Record extracts =
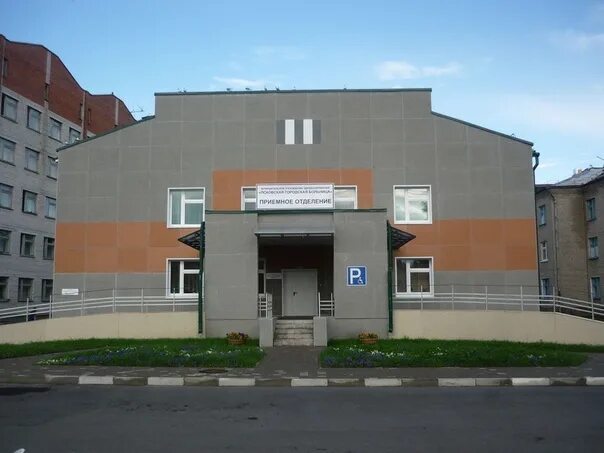 Фото: Псковская городская поликлиника, терапевтическое отделение, поликлиника дл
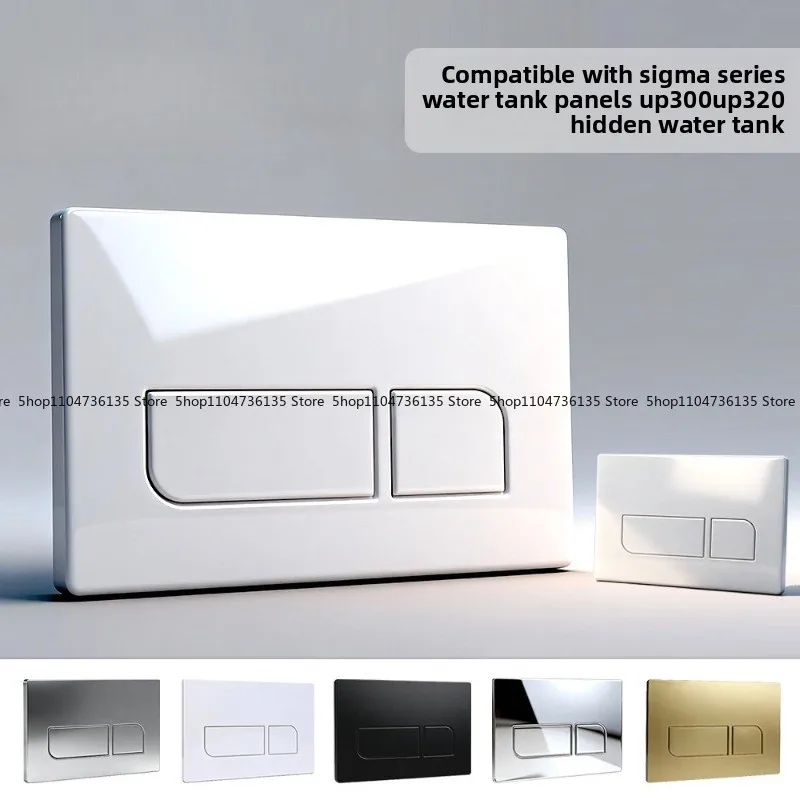 Подходит для Geberit SIGMA 01 20 30 50, скрытая панель бака UP300/UP320, переключатель бака, аксессуары для ванной комнаты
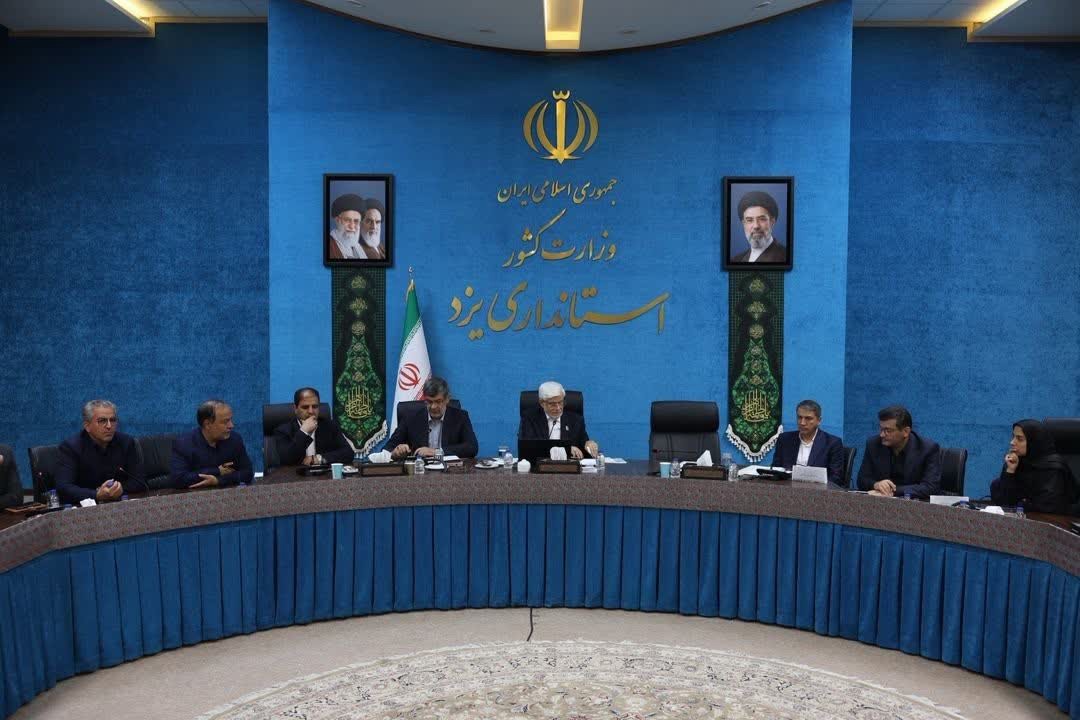 دکتر عارف: منطقه آزاد علم و فناوری یزد با جدیت دنبال شود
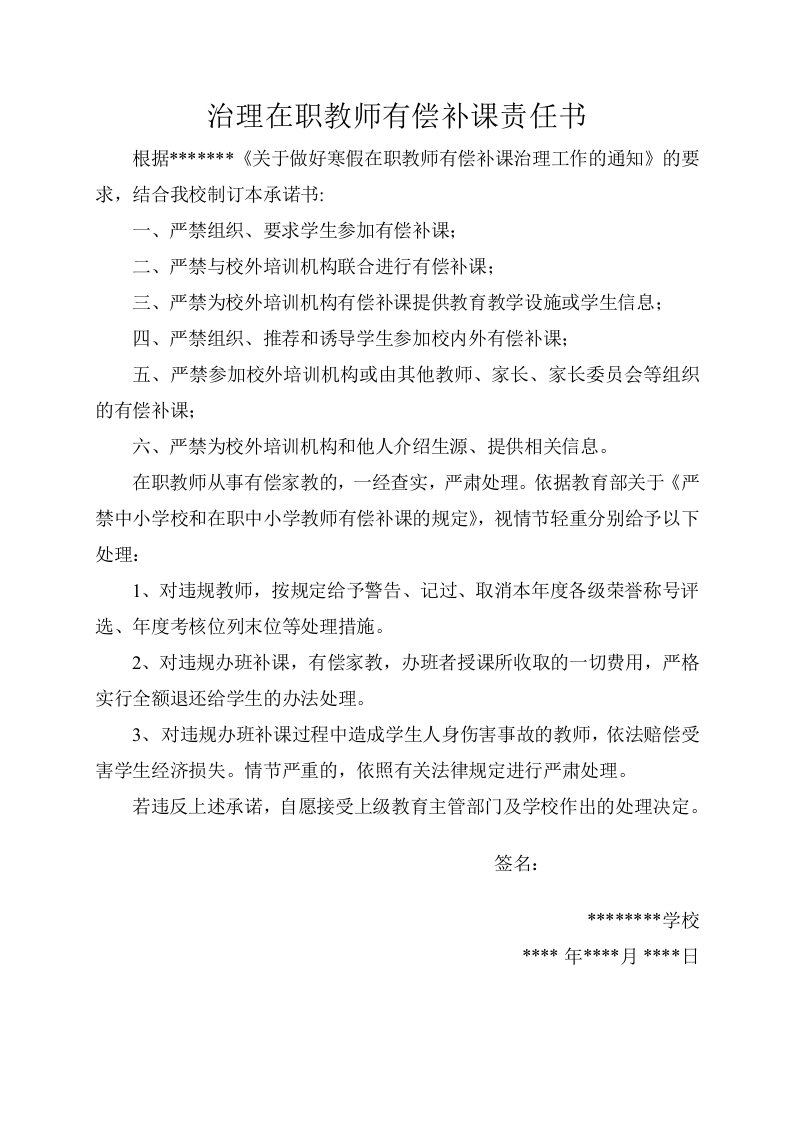 治理在职教师有偿补课责任书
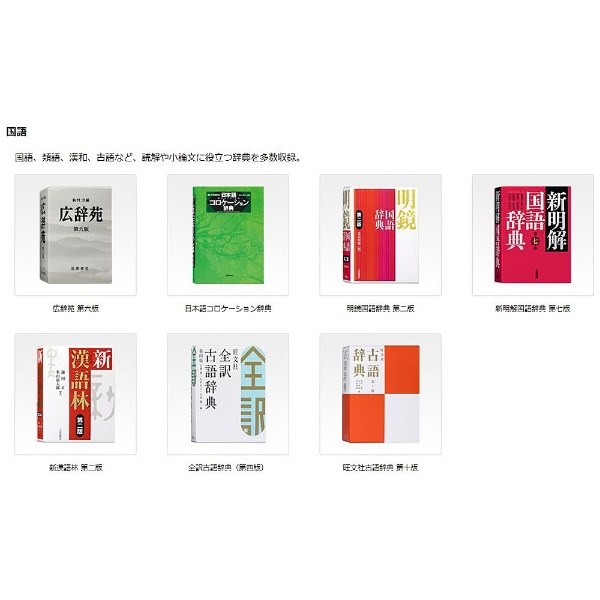 中古】 応用物理用語大事典（判例タイムズ 1442～1453 / 脇田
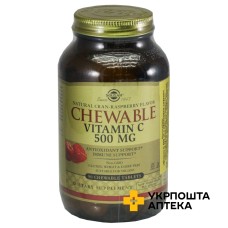 Вітамін C табл. 500 мг №90 Солгар Вітамін енд Херб (США)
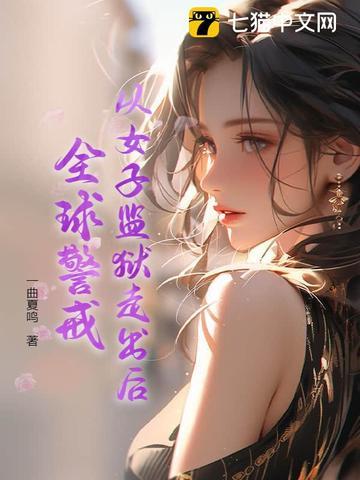 女子监狱警察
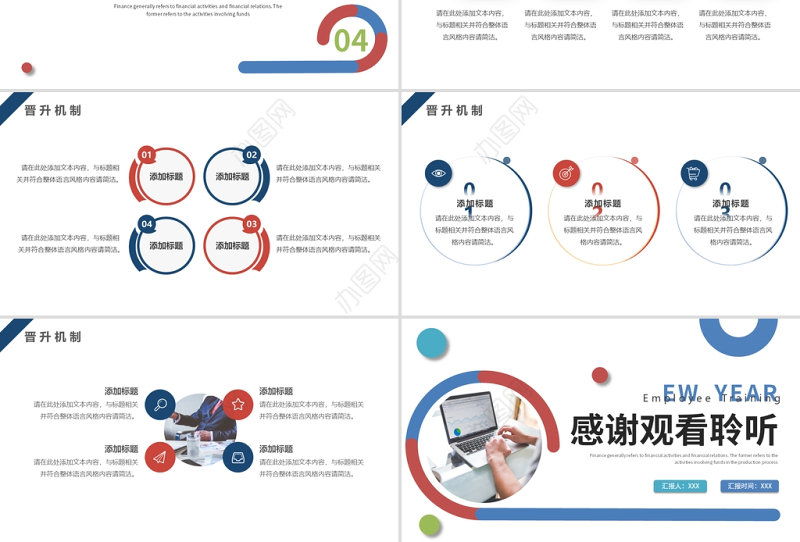 2022新员工入职培训PPT红蓝商务风企业员工入职培训专题课件模板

What you need to do = Give an exact copy of the listing, without its pictures.

Task solution =
 Фото: Псковская городская поликлиника, терапевтическое отделение, поликлиника дл
 Подходит для Geberit SIGMA 01 20 30 50, скрытая панель бака UP300/UP320, переключатель бака, аксессуары для ванной комнаты
 دکتر عارف: منطقه آزاد علم و فناوری یزد با جدیت دنبال شود
 治理在职教师有偿补课责任书
 中古】 応用物理用語大事典（判例タイムズ 1442～1453 / 脇田
 Вітамін C табл. 500 мг №90 Солгар Вітамін енд Херб (США)
 女子监狱警察
 2022新员工入职培训PPT红蓝商务风企业员工入职培训专题课件模板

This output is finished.